[Opening MATERIAL FOR THIS TASK section]

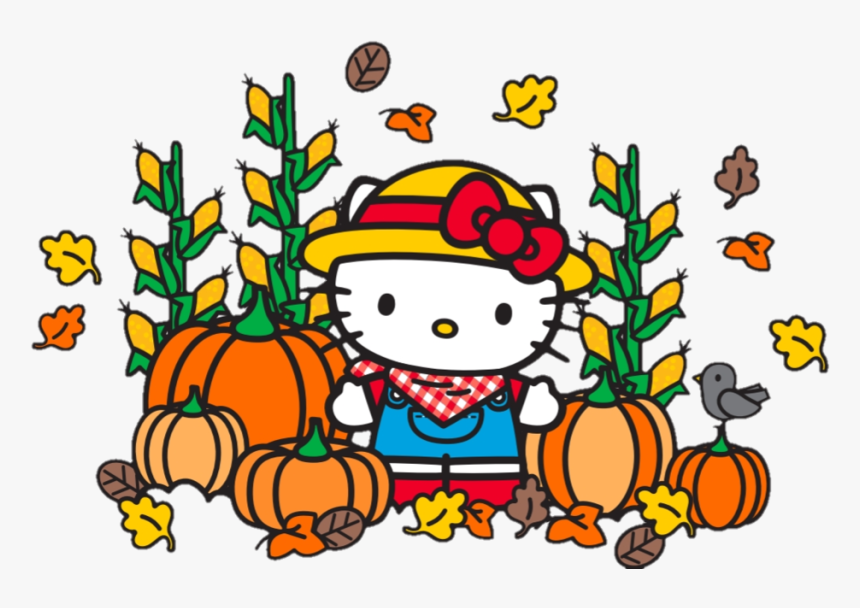 1565553282648 - Hello Kitty, HD Png Download, Free Download
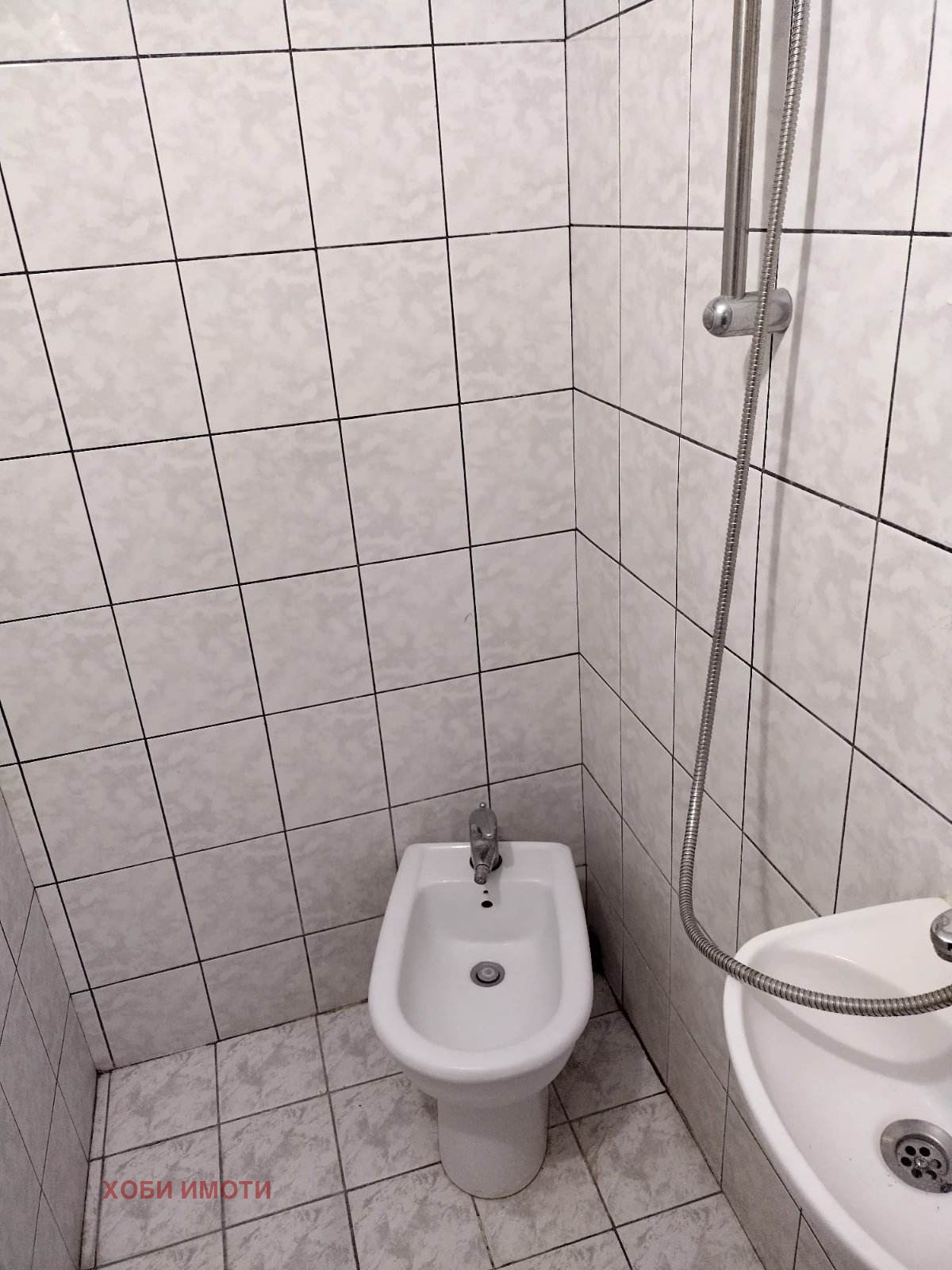 ���� ��� ���� 4-����� | Imot.bg � ����������� 10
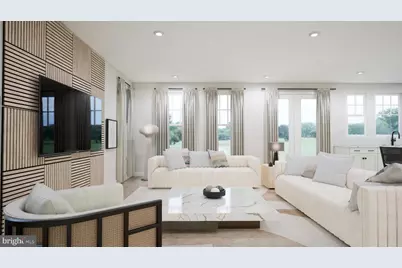 2619 Blue Ridge Avenue, Marshall, VA 20115 - Photo 9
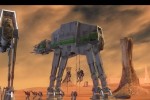 Star Wars: Empire at War: Forces of Corruption (PC)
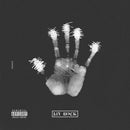 Jay Rock - 90059 (CD) - Discords.nl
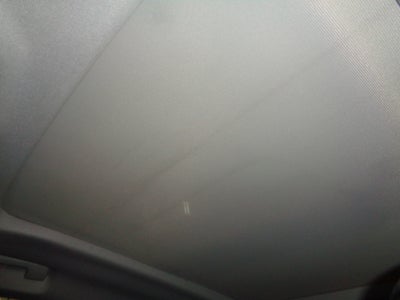 2013 Cadillac XTS Premium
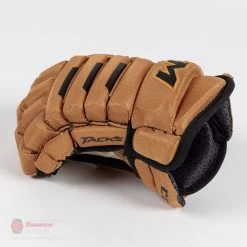 CCM Tacks Vector Plus Junior Hockey Gloves (2020) -Hockey Shop ccm gloves ccm tacks vector plus junior hockey gloves 2020 14780962832450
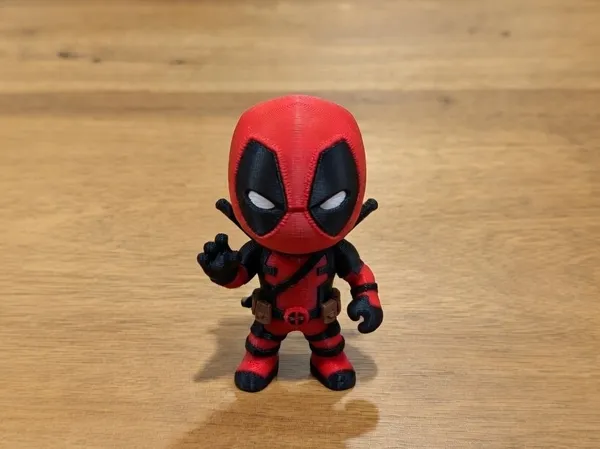 https://makerworld.bblmw.com/makerworld/model/US2e8060d6182592/design/6a57a8e8d1fa3fde.jpg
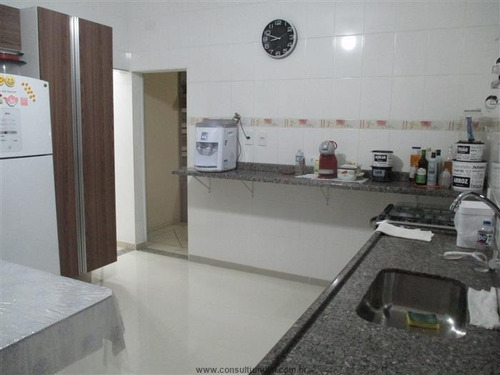 Imagem 11 de 29 de Casas À Venda Em Jundiaí/sp - Compre A Sua Casa Aqui! - 868299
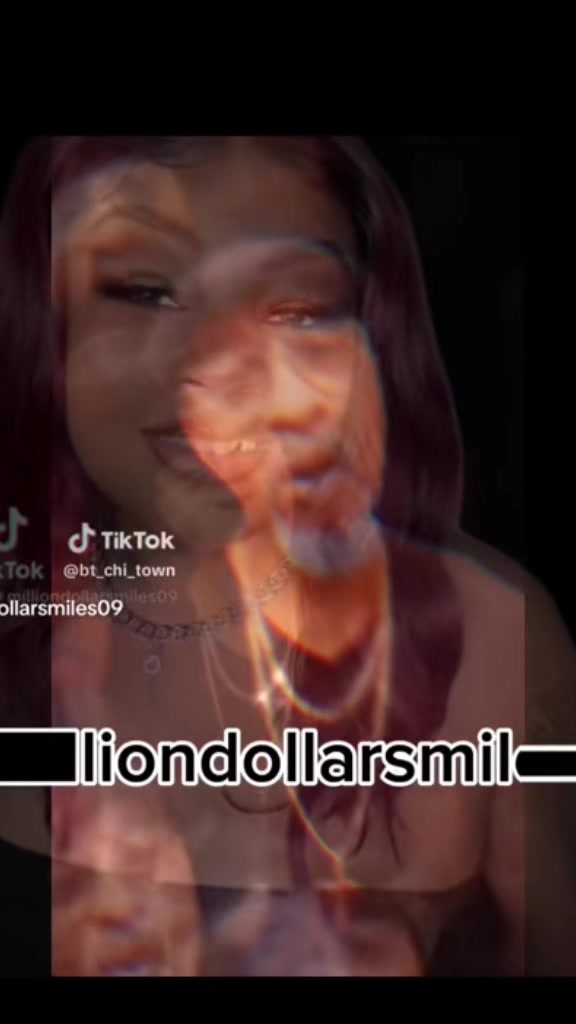 @🔥🌹Milliondollarsmiles09💀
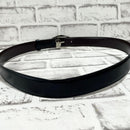 Cartier Belt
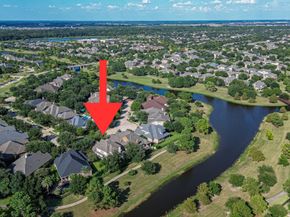 19339 Oxford Haven Drive, Cypress TX 77433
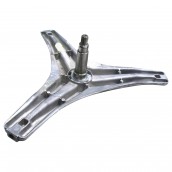 Croisillon de tambour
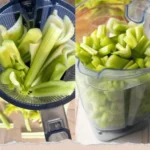 What Happens If You Drink Celery Juice for 7 Days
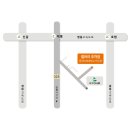 동산로3R 이미지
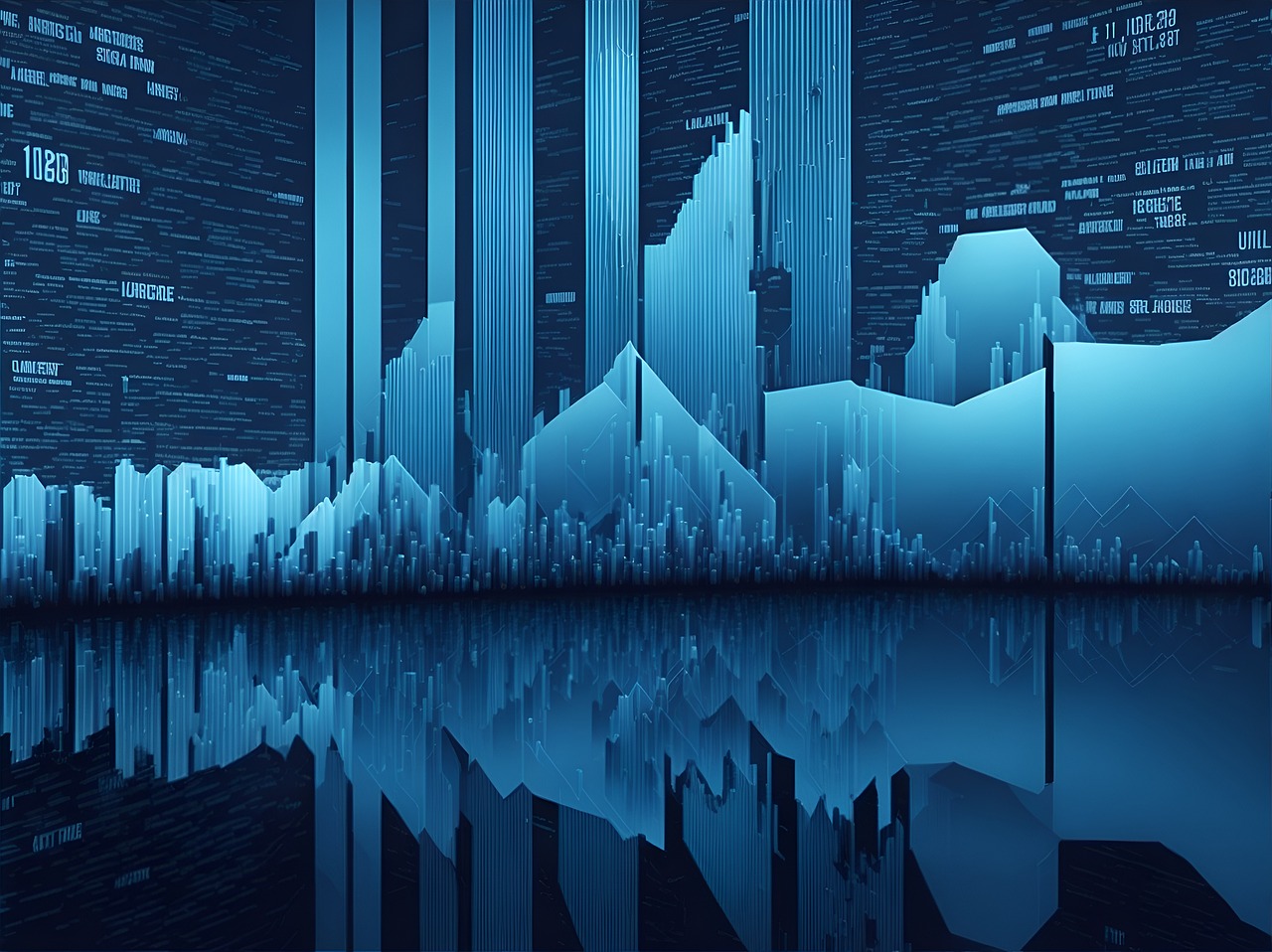 How FinFlow Genius Supports SMEs in Navigating Economic Uncertainty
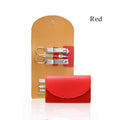 Mini Manicure Nail Clipper Kit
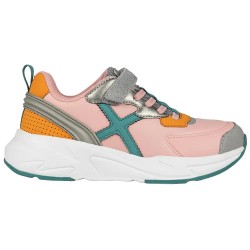 маратонки,детски,маратонки,munich,mini,track,vco,96,trainers,pink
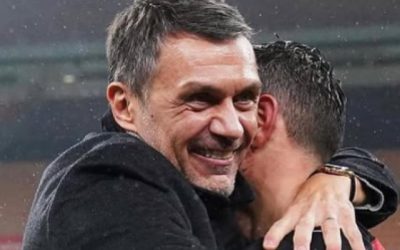 Italia pregătește o mutare strategică în urma eșecului la Cupa Mondială, iar numele lui Paolo Maldini devine tot mai des pomenit pe lista posibilelor coordonate ale acestei acțiuni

[Closing MATERIAL FOR THIS TASK section]

EXERCISE REQUIREMENTS: Would you write out each record above exactly, with no images?

THE ANSWER:
 1565553282648 - Hello Kitty, HD Png Download, Free Download
 ���� ��� ���� 4-����� | Imot.bg � ����������� 10
 2619 Blue Ridge Avenue, Marshall, VA 20115 - Photo 9
 Star Wars: Empire at War: Forces of Corruption (PC)
 Jay Rock - 90059 (CD) - Discords.nl
 2013 Cadillac XTS Premium
 CCM Tacks Vector Plus Junior Hockey Gloves (2020) -Hockey Shop ccm gloves ccm tacks vector plus junior hockey gloves 2020 14780962832450
 https://makerworld.bblmw.com/makerworld/model/US2e8060d6182592/design/6a57a8e8d1fa3fde.jpg
 Imagem 11 de 29 de Casas À Venda Em Jundiaí/sp - Compre A Sua Casa Aqui! - 868299
 @🔥🌹Milliondollarsmiles09💀
 Cartier Belt
 19339 Oxford Haven Drive, Cypress TX 77433
 Croisillon de tambour
 What Happens If You Drink Celery Juice for 7 Days
 동산로3R 이미지
 How FinFlow Genius Supports SMEs in Navigating Economic Uncertainty
 Mini Manicure Nail Clipper Kit
 маратонки,детски,маратонки,munich,mini,track,vco,96,trainers,pink
 Italia pregătește o mutare strategică în urma eșecului la Cupa Mondială, iar numele lui Paolo Maldini devine tot mai des pomenit pe lista posibilelor coordonate ale acestei acțiuni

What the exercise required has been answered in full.